Wie kann ich Eiweißquellen vom eigenen Hof erschließen und für die Tierfütterung sinnvoll nutzen? Praktiker in der Ökomodellregion Waginger See- Rupertiwinkel hatten im Vorjahr zu Felderbegehungen eingeladen und zogen bei einem Arbeitsgruppentreffen im Februar ein Resümee aus ihren Erfahrungen.
Franz Huber aus Fridolfing, der den Erfahrungsaustausch für Landwirte aus der Ökomodellregion organisierte, erinnerte an sein Rotklee-Luzerne-Gemenge, angebaut nach Ganzpflanzensilage von Wintergerste, das ihm mit drei bis vier Schnitten sehr gute Erträge liefert und flexibler im Erntezeitpunkt ist als Wiesengras. Es zählt auch als Greening-Fläche.
Hans Steiner aus Taching sammelte Erfahrungen mit dem Anbau von Klee, aus dem er – ebenfalls bei sehr guten Erträgen 2016 - nach der Mahd und dem Anwelken Silageballen presste. Eine Untersuchung bestätigte den hohen Eiweißgehalt seines selbst erzeugten Futtermittels, das ihm während der Zufütterung 2 – 3 l Milchmenge je Kuh und Tag zusätzlich brachte, bei guten Fett- und Eiweißgehalten.
Der Betrieb von Sepp und Christian Hubert aus Kirchanschöring probierte im letzten Jahr Ackerbohnen anstatt des bewährten Hafer-Erbsen-Gemenges aus. Die Bohnen mussten nicht gedüngt oder mit Pflanzenschutzmitteln behandelt werden und zogen deshalb wenig Arbeit nach sich. Der eher schwere Boden lieferte genügend Wasser für die Bohnen, sodass ca. 50 dt/ ha geerntet werden konnten. Nachteilig war ein erhöhtes Vorkommen der Ackerwinde und, anders als beim Gemenge, das fehlende Stroh. Die Bohnen mussten nicht getrocknet werden und wurden mit Weizen und Gerste zu einer passenden Futterration gemischt.
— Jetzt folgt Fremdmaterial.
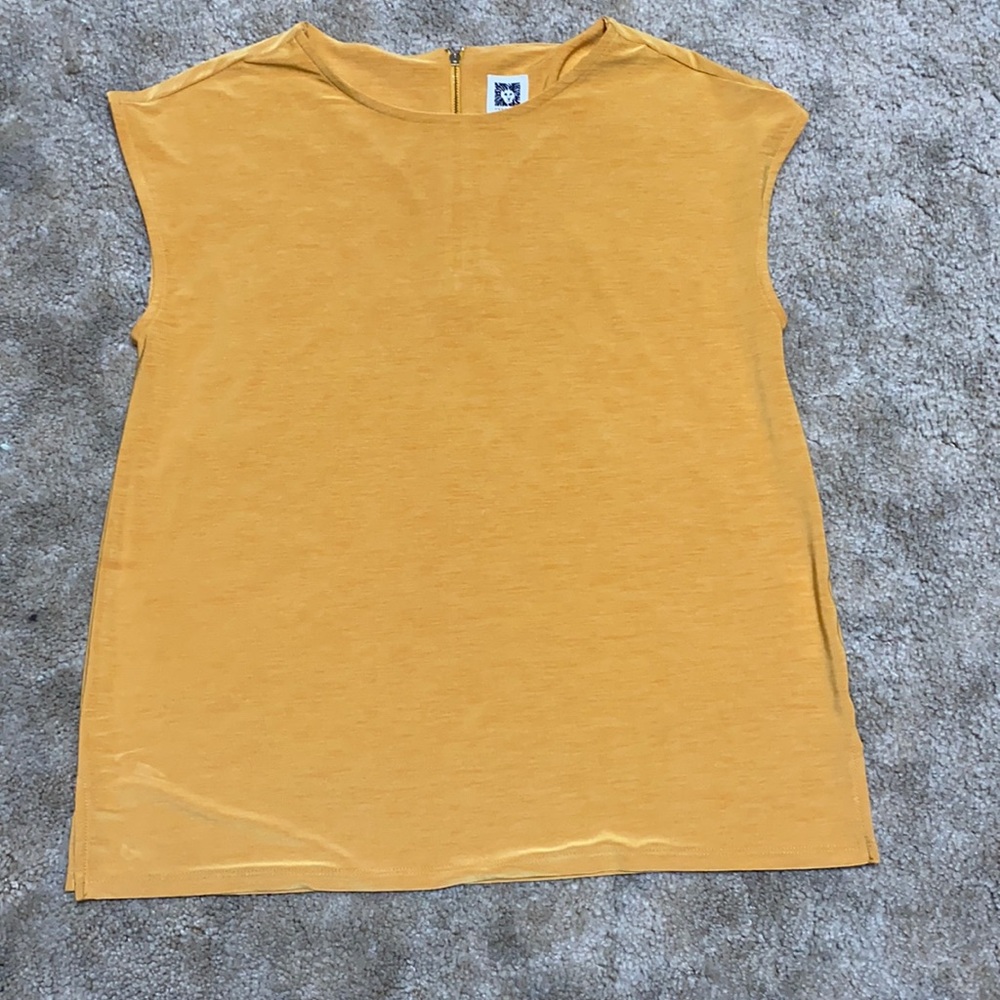 LN Women’s Anne Klein Zip Back Polyester blend top size small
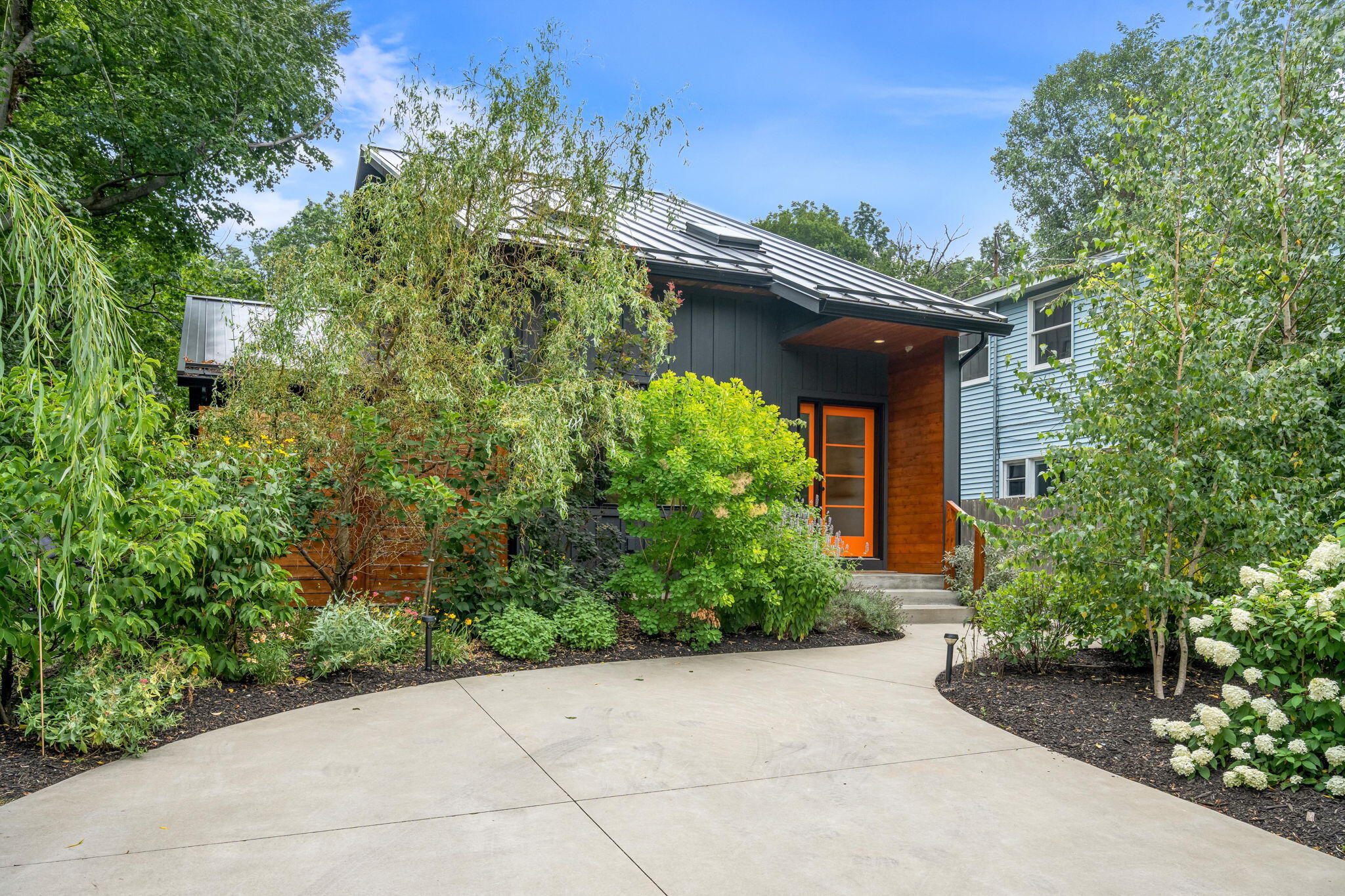 Saugatuck MI, 841 Holland Street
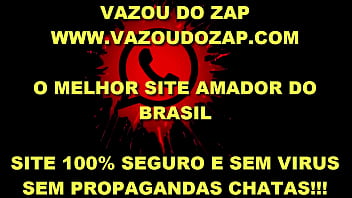 Namorada dando de quatro na praia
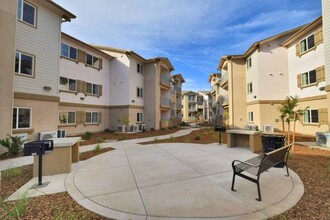 Senator Conness Apartments in Chico, CA - Foto de edificio - Building Photo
Gute Erfahrungen machte Franz Roider aus Kirchanschöring mit seinem Gemenge aus Erbsen (Aussaatmenge 100 kg/ha), Hafer (40 kg/ha) und Gerste (40 kg/ha). Es wurde nicht gedüngt oder behandelt und lieferte einen sehr schönen Ertrag von 50 dt/ha. Die Beimischung von Gerste zum Hafer sorgt im Anbau für eine bessere Standfestigkeit. Beim Hafer sollte eine frühreifende Sorte ausgewählt werden, da die Gerste eher reif wird. Trotzdem musste die Ernte aus dem Gemenge im letzten Jahr nicht getrocknet werden. Franz Roider mischt das Kraftfutter für seine Milchkühe aus Weizen, Gerste, Rapsschrot und dem Gemenge selbst, unter Zusatz von Mineralfutter, und spart sich dadurch den Zukauf von fertigem Kraftfutter. Untersuchungen bestätigen ihm einen vollwertigen Ersatz für ein sehr gutes Milchleistungsfutter, auch wenn der Energiegehalt nicht ganz so hoch liegt wie die Eiweißgehalte. Das Gemenge liefert nebenbei Stroh für die Zumischung im Futtermischwagen.
Auch Mischungen mit Wintertriticale und Erbsen sind möglich, wie Hans Steiner ergänzte.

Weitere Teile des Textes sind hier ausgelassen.